Thursday, June 3, 2010

An Epic Texan Tale

For Phillip White, Scott Griffin and Craig Campobella, the honor is all theirs. The trio have combined forces to respectively stand in as a younger version, older version and narrative voice of Sam Houston for reenactment portions of an ambitious three-hour documentary about the former Commander-in-Chief of the Texas Army and very first President of the Lone Star Republic.


The nearly completed project is a five-year labor of love for executive producer Denton Florian, born and bred in the namesake town of Houston. In addition to interviewing great-grandson Sam Houston IV and great-great-granddaughter Madge Roberts, Florian and his collaborators were able to chat with all sorts of folks intrinsically linked to the lineage of this somewhat overlooked American pioneer, people like current Texas Governor Rick Perry, former Texas Governor Ann Richards and John Cornyn, present holder of Houston's old U.S. Senate seat.

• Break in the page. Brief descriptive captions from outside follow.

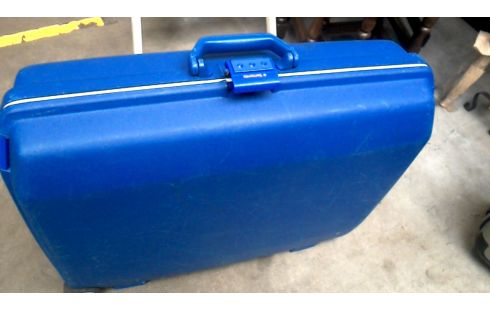 ÜBERSEEKOFFER 1 SAMSONITE BLAU PVC, , MOBILE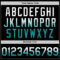 Custom Black White-Teal Authentic Fade Fashion Baseball Jersey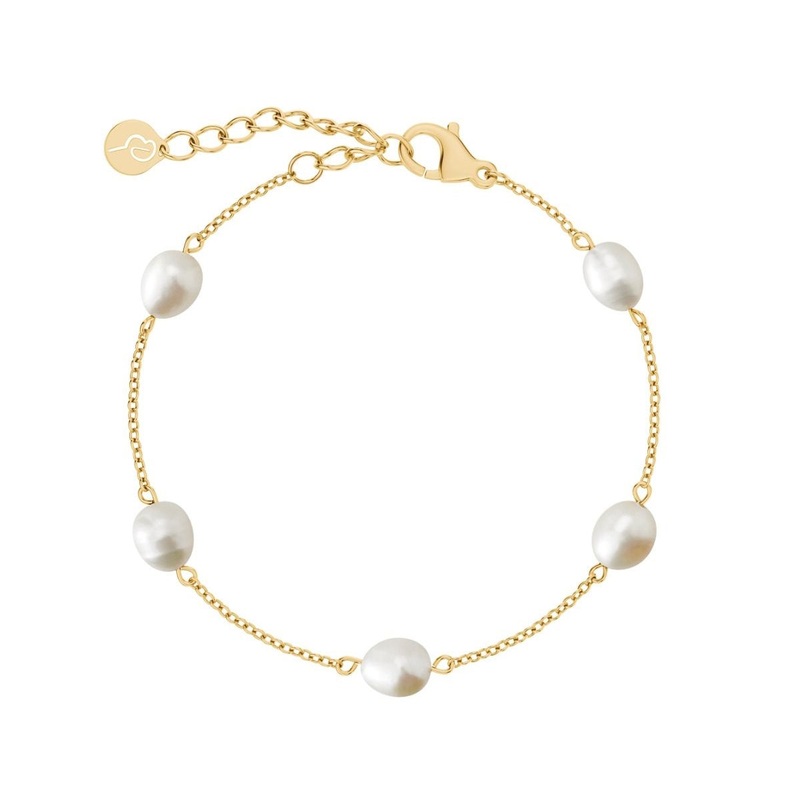 Edblad Perla Bracelet Multi Gold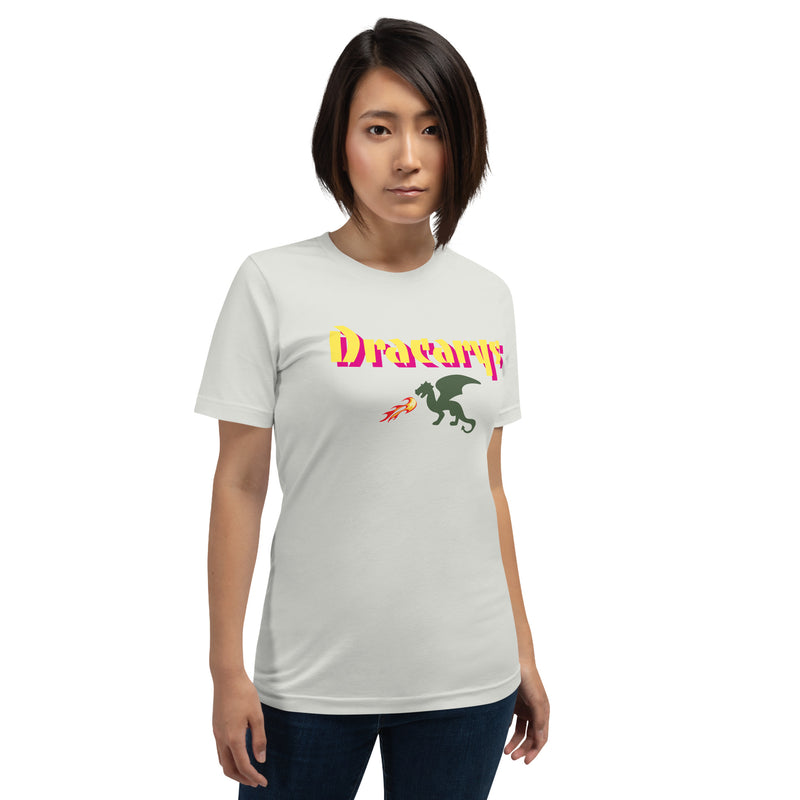 T-shirt med texten "Dracarys"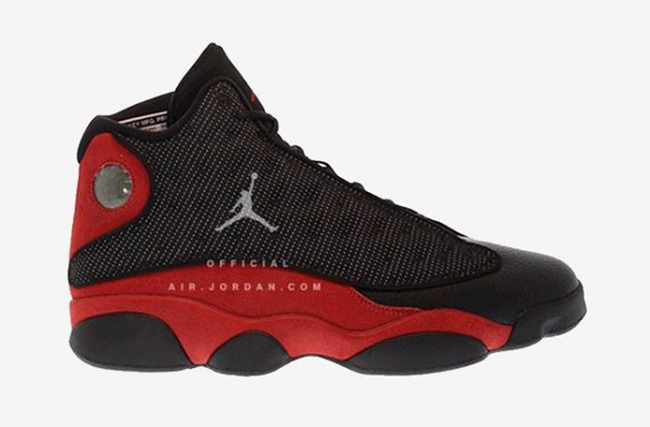 Air Jordan 13 Bred Black Red 2017 Release Date | SneakerFiles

Florian filmed segments at Silver Rock Productions in Conroe as well as on location not just in Texas but also Alabama, Virginia and Tennessee. He was able to borrow various museum artifacts to enhance his tale, including a so-called "honor ring", which was inscribed with the word "honor" and worn by Houston from age 20 until his death after he received it from his mother.

If the official website for Sam Houston: American Statesman, Soldier and Pioneer is any indication, the upcoming documentary will be a well-researched and balanced look at its subject. The 1793 to 1863 trailblazer packed a lot of excitement into one life; for example, the circumstances and details of his ten-week marriage to Eliza Allen, as summarized on the website's "Myths and Legends" page, could alone provide enough material for a documentary.

More than fifty years ago, Joel McRea played Houston in the middling 1956 B-biopic The First Texan, while thirty years later that memory was more properly served by a perfectly cast Sam Elliott in the 1986 CBS-TV movie Houston: The Legend of Texas. Tellingly, the first reader comment on the IMDB page for the McRea offering notes that "we've never really had an adequate biographical film of Houston." Dorian is hoping to have soon filled this giant, Texas size gap.

[Sam Houston: American Statesman, Soldier and Pioneer, Sam Houston Museum]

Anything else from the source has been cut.